Intel 64 and IA-32 Architectures Software Developers Manual Volume 1, Basic Architecture
3-30 Vol. 1
BASIC EXECUTION ENVIRONMENT
At the machine level, a segment override is specified with a segment-override prefix,
which is a byte placed at the beginning of an instruction. The following default
segment selections cannot be overridden:
• Instruction fetches must be made from the code segment.
• Destination strings in string instructions must be stored in the data segment
pointed to by the ES register.
• Push and pop operations must always reference the SS segment.

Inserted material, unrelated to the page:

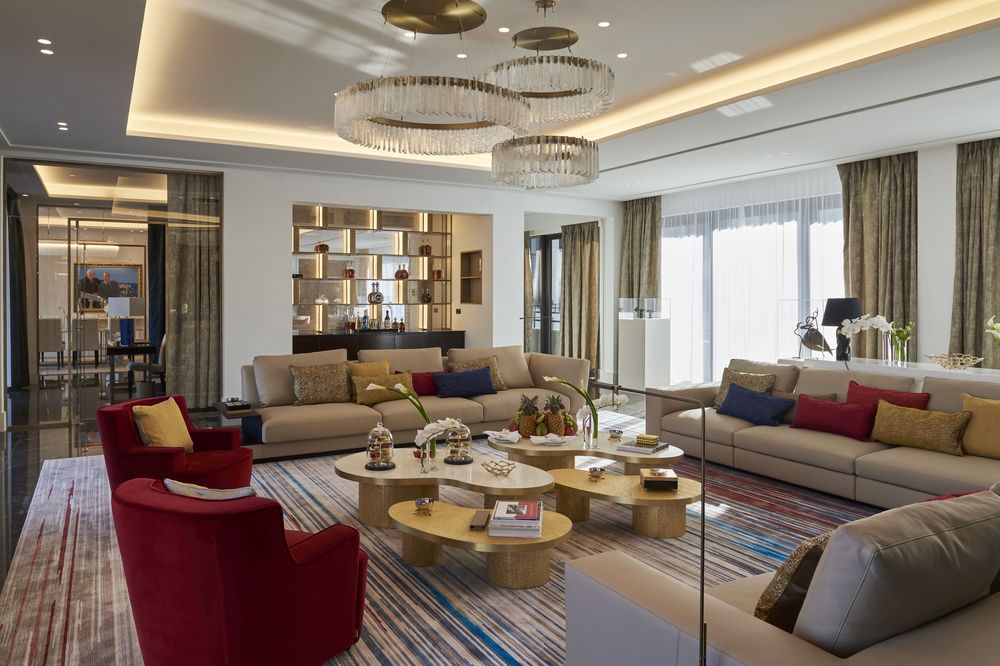 Con sus 735 metros cuadrados de lujo es la mayor suite del Hôtel de Paris, una joya de la corona. Foto suministrada.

Some instructions require a segment selector to be specified explicitly. In these
cases, the 16-bit segment selector can be located in a memory location or in a 16-bit
register. For example, the following MOV instruction moves a segment selector
located in register BX into segment register DS:
MOV DS, BX
Segment selectors can also be specified explicitly as part of a 48-bit far pointer in
memory. Here, the first doubleword in memory contains the offset and the next word
contains the segment selector.
3.7.4.1 Segmentation in 64-Bit Mode
In IA-32e mode, the effects of segmentation depend on whether the processor is
running in compatibility mode or 64-bit mode. In compatibility mode, segmentation
functions just as it does in legacy IA-32 mode, using the 16-bit or 32-bit protected
mode semantics described above.
In 64-bit mode, segmentation is generally (but not completely) disabled, creating a
flat 64-bit linear-address space. The processor treats the segment base of CS, DS,
ES, SS as zero, creating a linear address that is equal to the effective address. The
exceptions are the FS and GS segments, whose segment registers (which hold the
segment base) can be used as additional base registers in some linear address calcu-
lations.
3.7.5 Specifying an Offset
The offset part of a memory address can be specified directly as a static value (called
a displacement) or through an address computation made up of one or more of the
following components:
• Displacement — An 8-, 16-, or 32-bit value.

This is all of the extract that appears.